Post-editing of machine translated (MT) text is becoming mainstream in the translation industry. Several factors have contributed to this:

  1. Companies are demanding more for their money.
  2. Content explosion! The amounts of content keep on growing and there are not enough human translators to do all of the work
  3. Improvements in MT have made post-editing more economically viable and less of a compromise to translation quality.

Many translators and translation companies still refuse to deal with post-editing of MT. But the big companies are doing it and they are setting the trend for the future. SDL says that they post-edit over 200 Million words per year (click here to read about it on their website). It is only a matter of time and post-editing of MT will become a de-facto standard.

A few days ago, I had an interesting thought: what if we were to take machine translation (MT) output and stick it into a grammar checking application. Would it help improve MT quality? And if so, should you be integrating grammar tools into your post-editing process?

We ran a series of tests which anyone (with an Internet connection and MS Word) can do on their own. We took some benchmark text, ran it through the MT and then ran the grammar/spell checker in MS Word. We did this in several languages (MS Office provides grammar checking tools in multiple languages).

The results were reasonably enouraging: both the spelling and the grammar checker finds mistakes in the MT output. And even if the the grammar checker only improves the MT marginally, it provides human editors with some additional examination points in the review process. So it is probably a good idea to incorporate grammar/spell checking into your post-editing process.

But I found something in our tests which was puzzling: when we translated the benchmark text using Microsoft Translator and ran the output through the MS Word spell/grammar checker it came up with errors both in spelling and grammar. Now wouldn’t it stand to reason that Microsoft would integrate its own tools into its MT process in order to improve the MT output quality?

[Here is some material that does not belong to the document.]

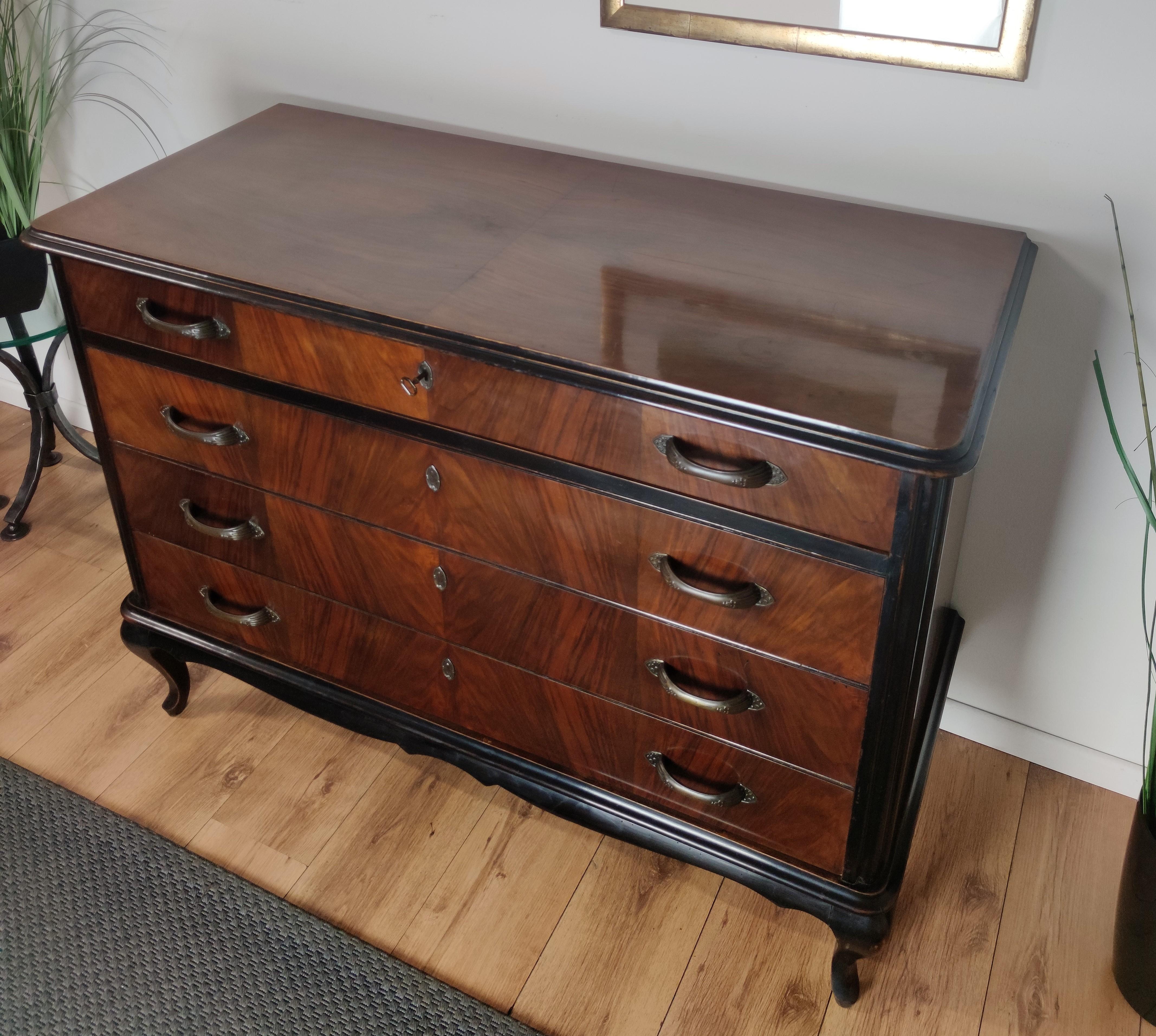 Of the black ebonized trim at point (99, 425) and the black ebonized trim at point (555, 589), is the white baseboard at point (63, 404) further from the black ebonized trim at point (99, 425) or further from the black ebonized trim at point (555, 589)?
the black ebonized trim at point (555, 589)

I put this question to Will Lewis of Microsoft Research, the team that develops the Bing Translator, and this is what he had to say:

This is an interesting idea, something we’ve talked about, but is not something we’ve experimented with.  We didn’t pursue it mostly because the kinds of errors that MT makes are not the same that speakers of a language will make.  Since the grammar checkers are tuned to language speakers, not MT, the corrections will be of less use in an MT scenario.  That being said, there is some value in seeing what improvements the grammar checkers would make, especially as the quality of MT improves.

Mr. Lewis’ approach to the use of grammar checking tools in post-editing of MT output is corroborated in a reasearch project done by the Department of Computer and Information Science at Linköping University in Sweden (click here to read the research paper). The conclusions of the research team in Sweden are:

(a) use of commercial grammar tools will not improve the quality of MT significantly but can still provide value in the editing process; and

(b) there is a need to develop special grammar checking tools which are designed specifically for MT output. These tools can be integrated into the MT software itself or can be run as a standalone application on the MT output.

So who will be the first company to introduce special grammar tools for MT? SDL? Microsoft? Google? You? Let’s wait and see.

5 thoughts on “Integrating grammar checking tools into the MT post-editing process

  1. We (Asia Online) use it all the time as it also helps to detect errors faster in a more visual way.

    We are even looking at automating this but I agree that it is a good idea and worth some experimentation. Like many new techniques it requires some effort to establish a clear process and value.

  2. Grammar-checking on the output of MT will only expose flaws in the MT software. It makes much more sense to check (and edit) the input to MT so the MT results are more accurate. We do this using Simplified Technical English, and it dramatically improves the quality and accuracy of both the source and any translations.